– Думаешь, что прошлое можно стереть и забыть? Думаешь, что достаточно сказать ему:
– Панна Дорота, если признаёте, что я вам верно и честно служил, – добавил Талвощ, – следует мне заплатить, будьте моей! Прошу вас, умоляю! Поедем в Литву, к моей матери! Мы сядем в тихом закутке; верьте мне, никогда словом, ничем эти несчастно прожитые времена не вспомнятся.
Он встал перед ней на колени. Дося, вытянув обе руки, заставила его подняться.
– Не могу, – сказала она, – не могу. Сердце моё высохло. Не верю ни во что, никому, не хочу ни на что надеяться.
Из её глаз пустились слёзы.
– Почему вам о том не сказали, – отозвалась она, вытирая слёзы, – я давно решила поступить в монастырь, и когда принцесса в Варшаву, я в Новый Сонч поеду. Я дала в душе слово Богу и не нарушу его.
Верь мне, Талвощ, так лучше, то был один конец, который сердце успокоить может… могила!
Напрасно литвин всякими способами старался её сам и через принцессу склонить сменить решение. Дорота осталась неколебимая при своей клятве.
Спустя несколько дней потом крайчина и Жалинская сопровождали её в Новый Сонч, где принцесса своей воспитаннице обеспечила приём.

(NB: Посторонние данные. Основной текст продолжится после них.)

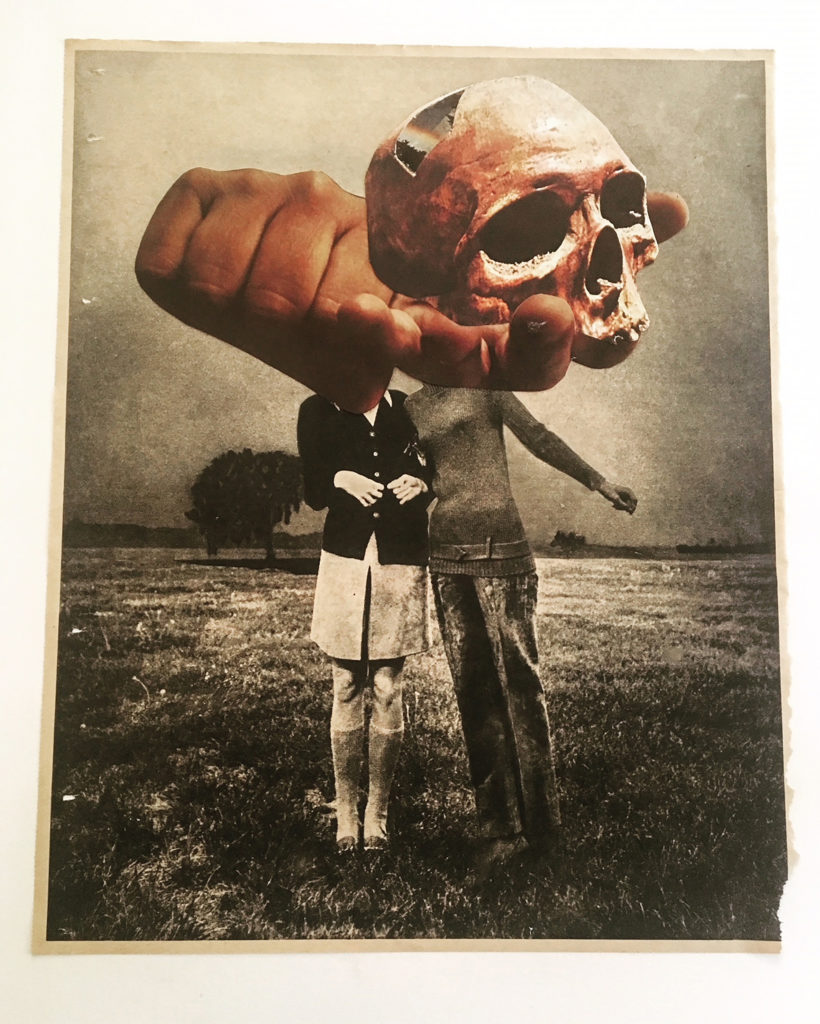 Dafna Steinberg.Untitled (Skull in Hand), 21" x 18", mixed vintage paper collage, 2018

Талвощ сразу же потом двинулся в Литву и там осел на деревне.
Анну Ягелонку ждали ещё в дивно складывающейся жизни новые надежды и разочарования. Избранная королевой, став женой Стефана Батория, во время его правления жила в тишине, в стороне, среди маленького круга, какой себе создала.
Смерть мужа, внезапная, преждевременная, пробудила, оживила надежды привести на трон племянника, к которому, не зная его, всё сильней привязывалась.
Нет сомнения, что её стараниям и усилиям Сигизмунд III был обязан своим выбором. Приняла его, прибывшего, как собственного ребёнка, он любил её и уважал как мать.
В этой иллюзии материнства она дожила до конца, и сердце её наконец нашло кого-то, кому может целиком отдаться.